Craving a slice of something nice? B-Soho is an all-round winner that offers cocktails, pizzas made in an authentic Italian brick oven, and live music. Enjoy a classic margherita with mozzarella and tomato or the vegetariana, with artichokes, peppers, aubergines, and courgettes. Pair your pizza with one of the restaurant's 30 signature cocktails – try Prescott’s punch (tequila infused with Lady Grey tea, apricot conserve, white wine, pressed apple, lemon and absinthe).
Fancy a game of ping pong with your pizza? Then it’s game on at Bounce, which serves up 10 smoking hot offerings with superior Italian toppings, including pork and fennel with plum tomatoes and buffalo mozzarella, or smoked mozzarella with roasted garlic and rocket. Beware: cocktails such as ‘wiff waff’ (a mixture of gin, Earl Grey tea, lemon, cucumber and tonic) could see your form slide…
The first restaurant to recognise the potential for Brixton Market’s gentrification, Franco Manca serves a short-but-sweet menu of organic toppings on sourdough bases. Don’t expect a genteel dining experience, and be prepared to queue for the privilege of this pizza.
Still looking as box-fresh as the day it opened, Mulberry Street is a high-end Manhattan-esque pizzeria named after the main drag in NYC’s Little Italy. Expect giant pizza pies with classy toppings from taleggio to truffles, perhaps washed down with one of the Champagnes on the wine list. Unbelievably, delivery by chauffeur is also available.
A charming, unpretentious Italian (and former pub), The Oak was one of the first restaurants in London to install a traditional wood-fired oven, which turns out ‘always great’ pizzas, according to our readers, at keen prices.
Slick service, inventive toppings and a casual vibe explain the popularity of Pizza East, especially with hipsters approaching middle age. The mini-chain currently numbers three branches – in smart W10, on-trend E1 and, more recently, charmingly scruffy Kentish Town (NW5).

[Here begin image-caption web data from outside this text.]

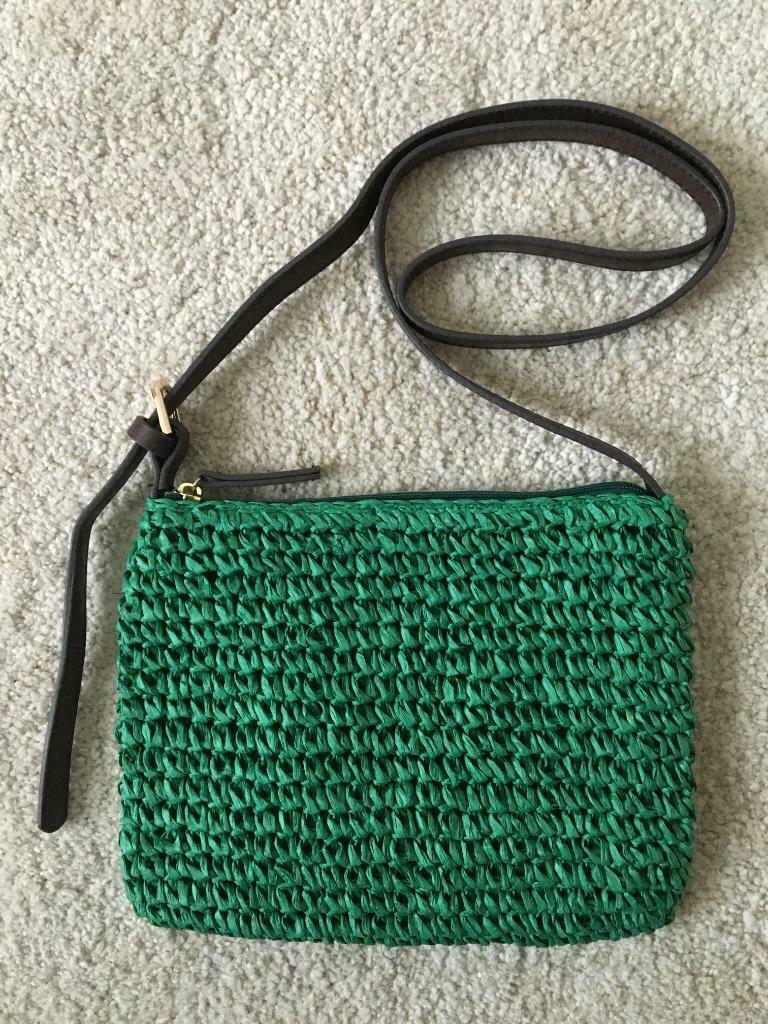 groene handtas raffia met ritssluiting, Ophalen of Verzenden, Nieuw, Groen, Handtas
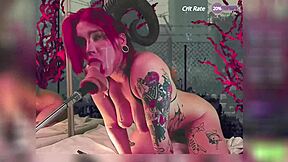 vibrator stuck in succubus pussy moaning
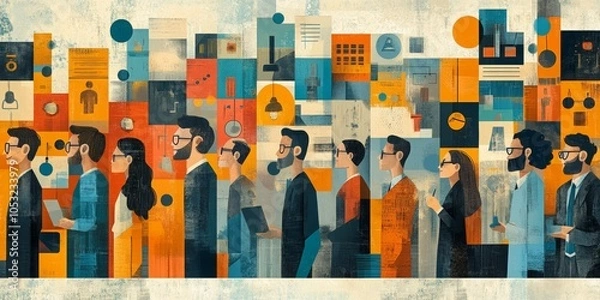 Fototapeta Team Collaboration and Culture, vibrant illustration of a diverse workplace team embodying shared values and positive behaviors in action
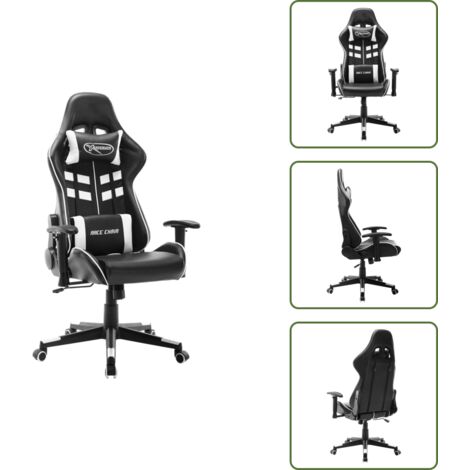 The Living Store Sedia da Gaming Nera e Bianca in Similpelle - Schienale alto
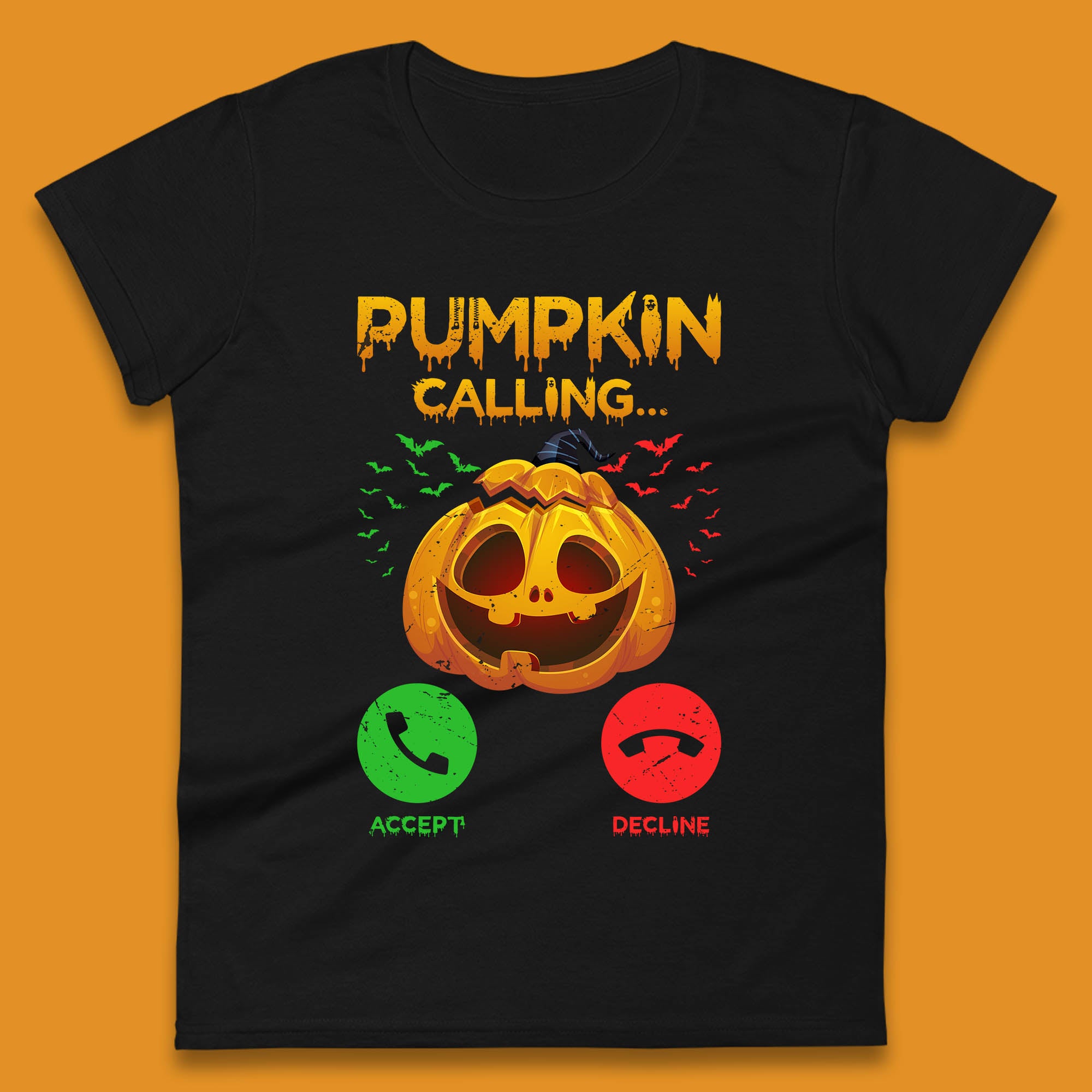 

Halloween Pumpkin Calling Funny Phone Call Horror Scary Jack O Lantern Womens Tee T Shirt Mens Tops Unisex Top 2XL
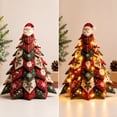 thumbnail image 3 of Quilted Fabric Christmas Tree Decoration, Patchwork Tabletop Xmas Tree with Character Topper, Light-Up & Non-Lit Holiday Centerpiece for Mantel, 3 of 7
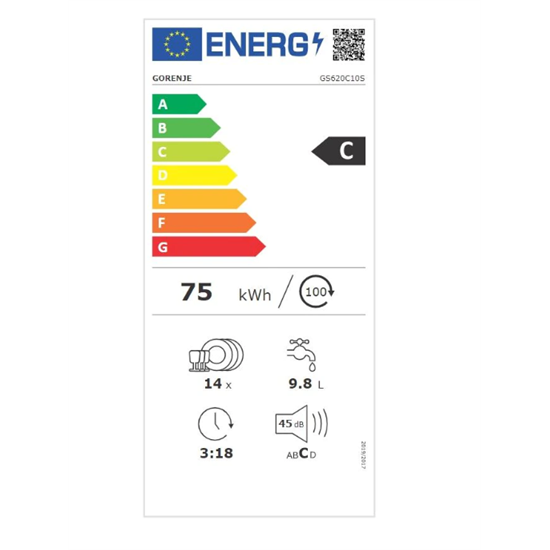Gorenje GS620C10S TotalDry mosogatógép 14 teríték, ezüst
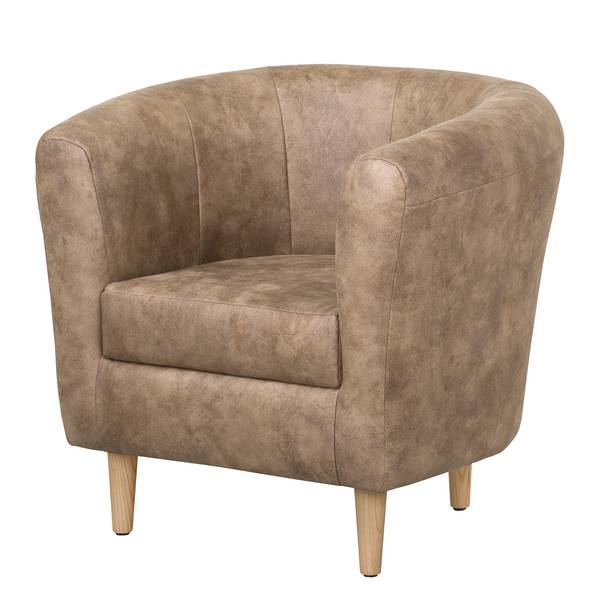 Fauteuil Casales antieke leerlook - cappuccinokleurig
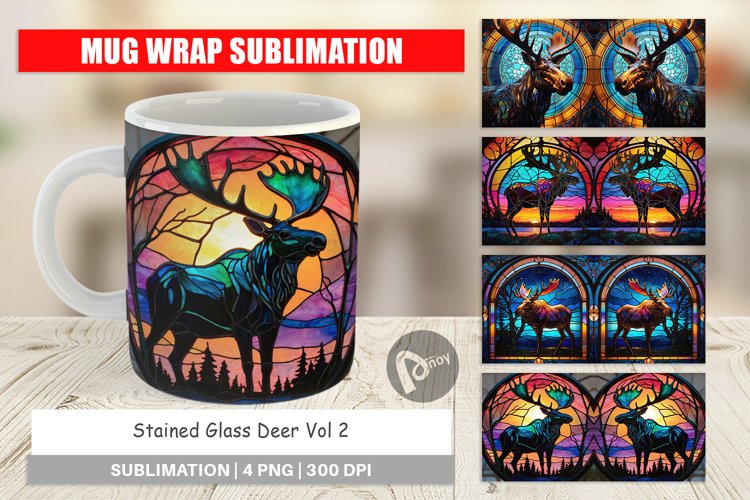 Mug Wrap Design Stained Glass Deer
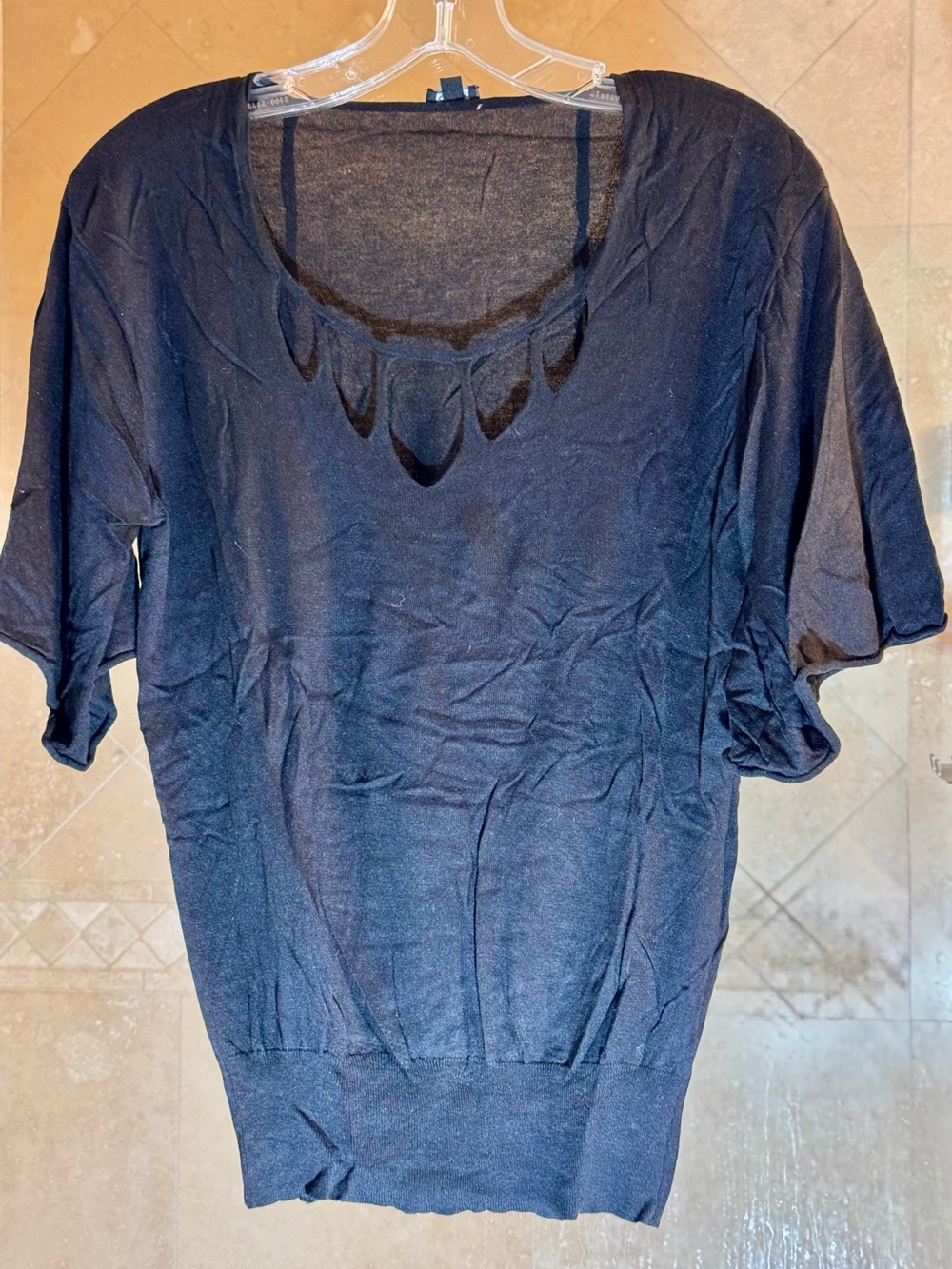 Contemporary Women's Black Scoop Neck Top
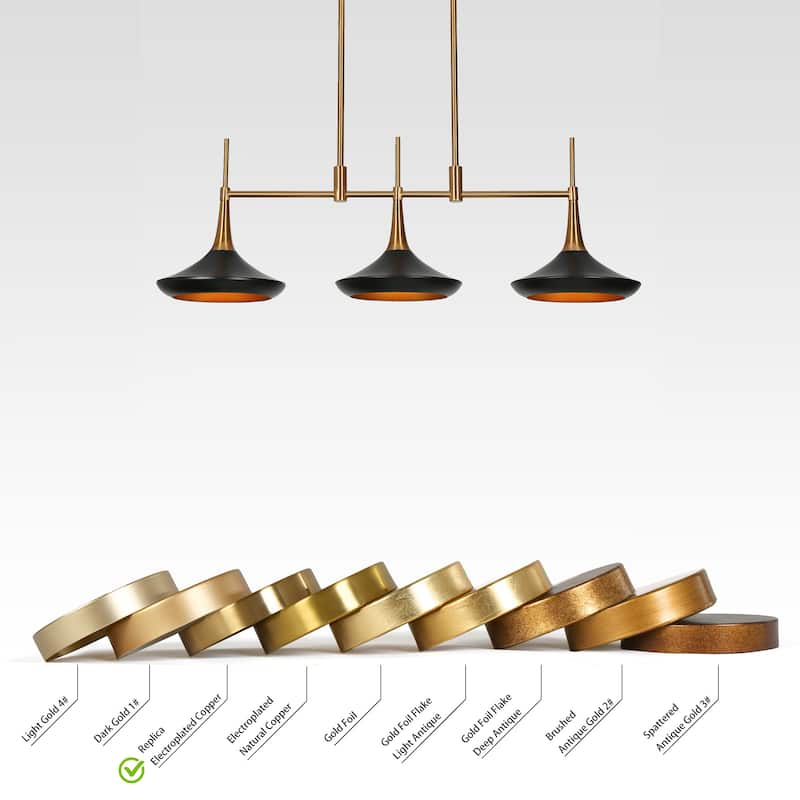 Conia Modern 3-Light Linear Chandelier Black Gold Island Pendant Lights - 34.6"Wx9"Dx11.8"H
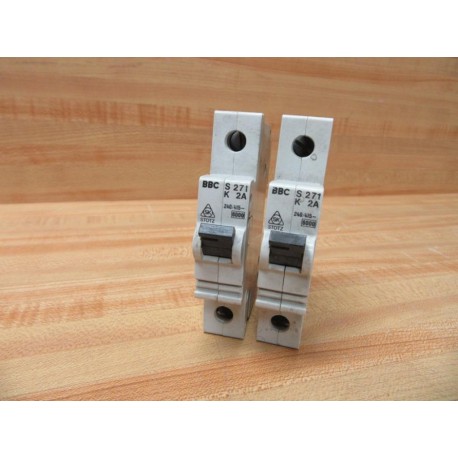 BBC S271-K2A Stotz Circuit Breaker 2 Amp S271K2A (Pack of 2) - Used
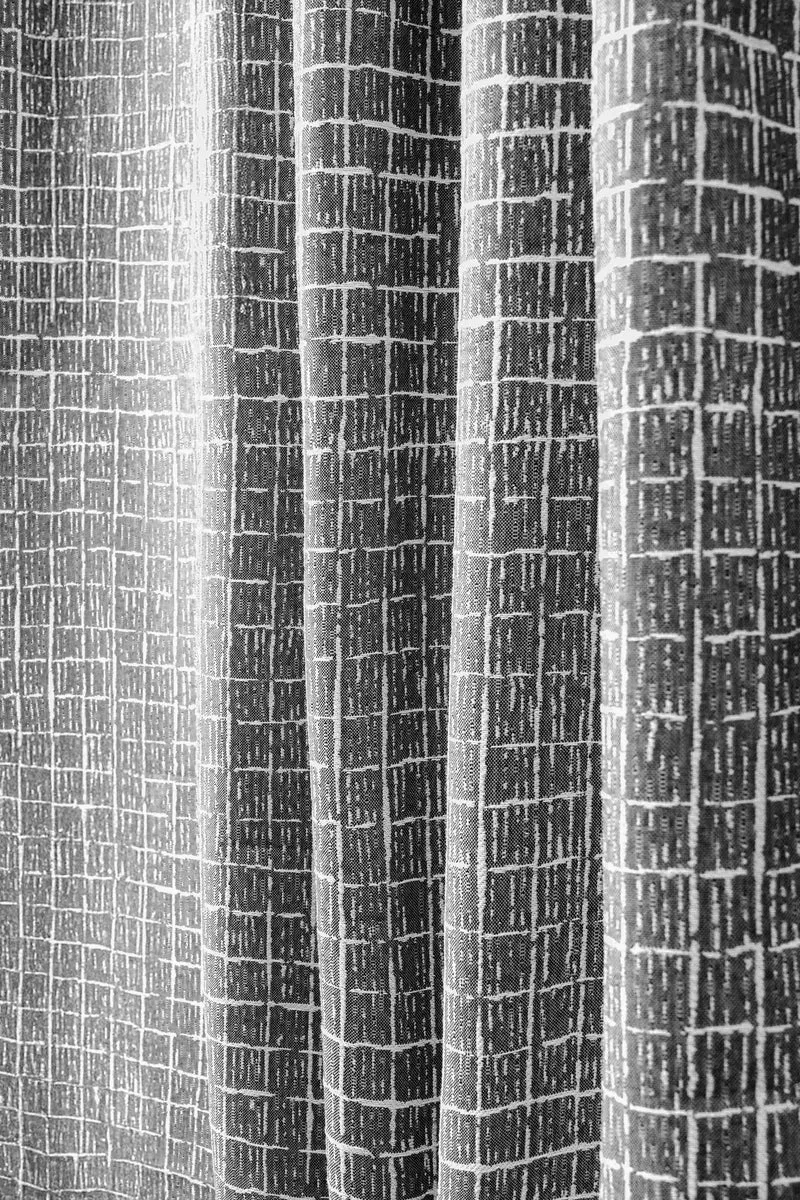 New York Grid Patterned Textured Waterproof Custom Outdoor Curtain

Alan Yau's chic, light-filled, central-London venue serves pizzas fresh from its wood-fired ovens all day long, as well as sandwiches, patisserie, hot meals, freshly squeezed juices and wine and cocktails. Top Italian chef Francesco Mazzei developed the menu with Yau before Princi's launch, so pop in for a post-pub slice of the good life – toppings include bresaola with rocket, tuna with black olives, and coppa with cherry tomatoes.
This casual, buzzy venue, with its colourful abstract paintings, tiled pizza oven and fresh herbs on display, makes a mean pizza. All the ingredients are imported from Campania, whose capital Naples is the home of pizza.
The residents of this unassuming suburb must have been beside themselves with excitement when such a gem of a pizzeria opened in their neck of the woods in 2010. Deliciously chewy pizzas topped with fior di latte cheese are fired in the traditional oven at 400 degrees for 90 seconds – the true Neopolitan way. Note that the tiny dining room fills up quickly with connoisseurs – many of them Italian – so turning up on spec might involve a long wait with a few bottles of cold Italian beer. Trust us: it’s worth it. If Ealing is too much of a stretch, try the owners’ second venture, Sacro Cuore, In Kensal Green.
Setting out its stall with its name, Super Pizza is a mecca for hungry hipsters on Brick Lane. The restaurant makes a small batch of each variety, from prosciutto with honeyed figs, ricotta and rosemary to slow-roast porchetta with caramelised red onion and sage, which it sells by the slice.